Thursday, July 26, 2007

Crock Pot Thai Chicken

Mat and I tried a new recipe last night and really liked it. It was REALLY easy (gotta love the crock pot!) and it was different. Check it out.

6-8 boneless skinless chicken breasts, thighs or tenders
3/4 cup salsa
1/4 cup peanut butter (crunchy or creamy...i like crunchy)
1 tsp ginger (opt)
2 tbsp soy sauce
2 tsp lime juice

My opinion: I would consider doubling the sauce...last night we wished we had more sauce with the chicken.

Put all the ingredients in a crock pot on low for 6-8 hrs. Garnish with cilantro, scallions and/or peanuts. Serve on rice (you can also make rice with coconut milk by doing 1 cup rice, 1 cup water, 1 cup coconut milk).

Tuesday, July 17, 2007

Betty Crocker's Chocolate Chip Cookies

Good old, Betty. We discovered these cookies and are crazy about them. DJ thinks I'm some kind of cookie genius. They're that good.

Chocolate Chip Cookies

3/4 c. sugar
3/4 c. packed brown sugar
1 c. butter, softened
1 tsp. vanilla
1 large egg
2 1/4 c. flour
1 tsp. baking soda
1/2 tsp. salt
1 bag chocolate chips

Heat oven to 375.

Beat sugars, butter, vanilla, and egg in large bowl with electric mixer. Stir in flour, baking soda, and salt. Stir in chocolate chips.

Drop dough into balls on ungreased cookie sheet. Bake 8 to 10 minutes or until light brown, golden on the edges. Cool on wire rack.

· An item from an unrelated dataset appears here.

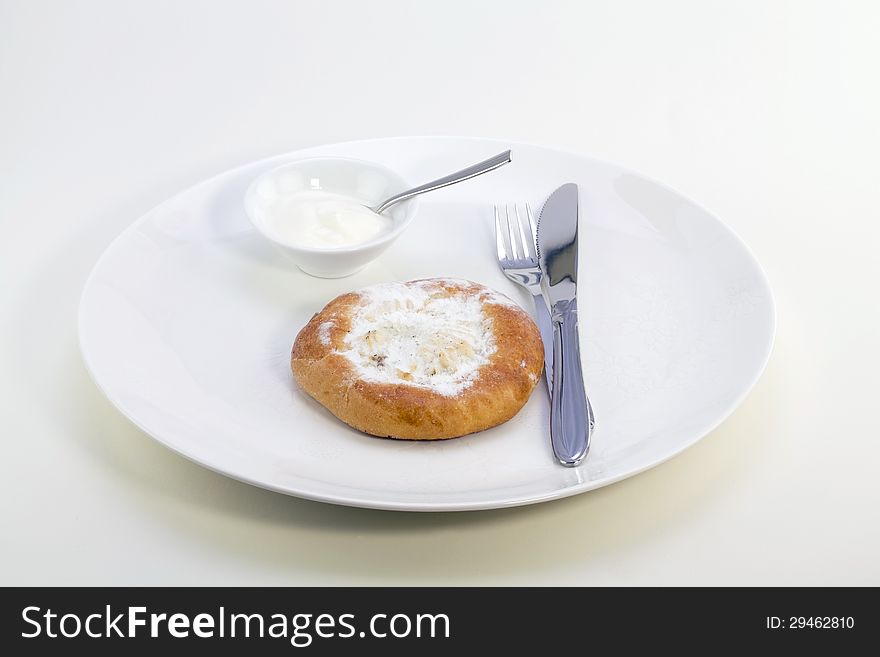 Cheese cake with sour cream on a white plate, knife and fork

Southwestern Style Cobb Salad

You may be wondering, "Where am I? Have I accidentally stumbled onto Martha Stewart's website?" No. You're in the right place. This is just a Little Something...a salad that we tried tonight that I wanted to share. I got the recipe from my friend Clarissa. It was so tasty and so fresh for a hot, summer evening. Enjoy!!


Romaine Lettuce
1 can black beans or pinto beans (rinsed and drained)
1 can corn (rinsed and drained)
2 tomatoes
1 c. cheddar cheese
Cubed Chicken, cooked in lime or lemon juice and w/ any other spices
Cilantro (opt)

Serve with Ranch Dressing

It's that easy! Let me know what other fun things you add to it!

Wednesday, July 11, 2007

Verlie’s Bottled Salsa

½ bushel tomatoes (I know this is farmer talk but a bushel is about a laundry basket half full)
12 green peppers (I have taken out the peppers because our family doesn’t like the green pepper taste)
10 med onions
1 whole garlic
4 C. vinegar
10 jalepeno peppers (This makes mild salsa. The hotter you want it the more jalepenos you put in. Last year Adam wanted it HOT so I put in habenero peppers. Whew!)
3/4C salt
Grind or chop everything.
Bring to a boil then simmer until thick (about 2 -3 hours) Bottle and process in canner at 12 lbs for 20 min.

Teriyaki Beef and Pineapple

2 to 2 ½ lbs. of London Broil or Top Round Steak sliced as thinly as possible (Partially freeze meat and then cut for thinner slicing).
½ cup soy sauce
4 TBLS brown sugar
1 TBLS honey
1 can pineapple chunks
1 minced garlic clove
2 slices ginger root minced
1 TBLS sesame oil
Combine all marinade ingredients into one bowl and marinate meat 24 hours. Weave beef strips onto skewers with pineapple chunks between each section of meat. Grill or broil for 3 minutes on each side.

Aaron's Steak-on-a-Stick

2 to 3 lbs. of London Broil or Top Round Steak sliced as thinly as possible. (Partially freeze meat and then cut for thinner slicing).
1 cup oil
¾ cup soy sauce
¼ cup Worcestershire sauce
2 TBLS dry mustard
3 tsp salt
1 TBLS pepper
½ cup wine vinegar
1 ½ tsp dried parsley flakes
2 crushed garlic cloves
1/3 cup lemon juice
Combine all ingredients and mix well. Add steak strips and mix thoroughly. Marinate 24 hours. Weave steak onto skewers and grill over hot coals or broil.